Leading Sikh politicians in India said the temple shooting in Wisconsin may have been part of that pattern.
"I think it is a case of mistaken identity. Sikhs are often mistaken to be from the Middle East," said Manpreet Singh Badal, founder-president of the People's Party of Punjab.
"This is an opportunity, although a very sad one, to raise awareness among Americans about the Sikh culture and identity," he told Agence France Presse.
At Sikhdom's holiest shrine, the Golden Temple in the northern Indian city of Amritsar, the atmosphere was tense and sombre as shocked Sikh devotees went to offer their prayers, amid the daily influx of tourists.
"This attack on Sikhs in the U.S. is shameful. People come to the gurudwara (temple) to find peace. It is a holy place," said Kulwinder Singh, 50.
In the Indian state of Jammu and Kashmir, which has traditionally had a large Sikh community, Sikh protesters blocked a national highway and brandished banners calling for stronger U.S. gun laws.
Manjit Singh, president of a Delhi-based Sikh party, said a peaceful gathering would be held later Monday outside the U.S. embassy in New Delhi as a demonstration of solidarity with the victims.
"Sikhs contribute a lot to America, they are an important part of America," Singh said.
"This is a racially motivated case and the (U.S.) government needs to educate people about different communities so it doesn't happen again."
U.S. ambassador Nancy Powell visited New Delhi's largest Sikh temple to show solidarity with the grieving community over what she described as "this ghastly act of violence".
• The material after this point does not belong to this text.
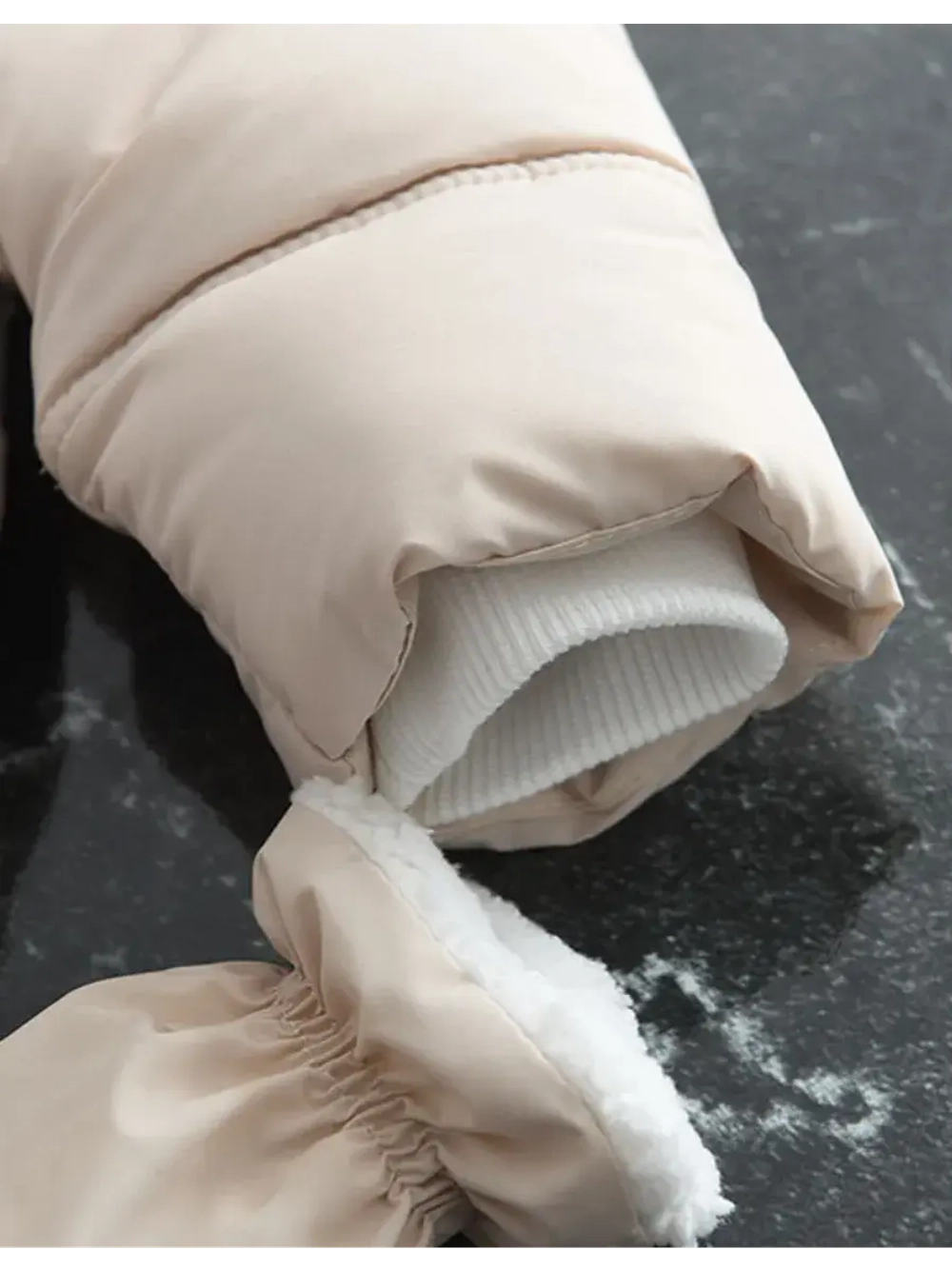 Зимний комбинезон для новорожденного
"We hope that families find comfort in the fact that so many around the world share their grief," she told reporters.
In Amritsar, Giani Gurbachan Singh, head priest at the Akal Takht, Sikhdom's highest seat of religious and temporal authority, urged all Sikhs in the United States to "remain vigilant".
"This is a security lapse on the part of U.S. government wherein Sikhs have become the victims of violence," Singh said, adding that a "chain of prayers" would be held in Sikh temples across India, including the Golden Temple.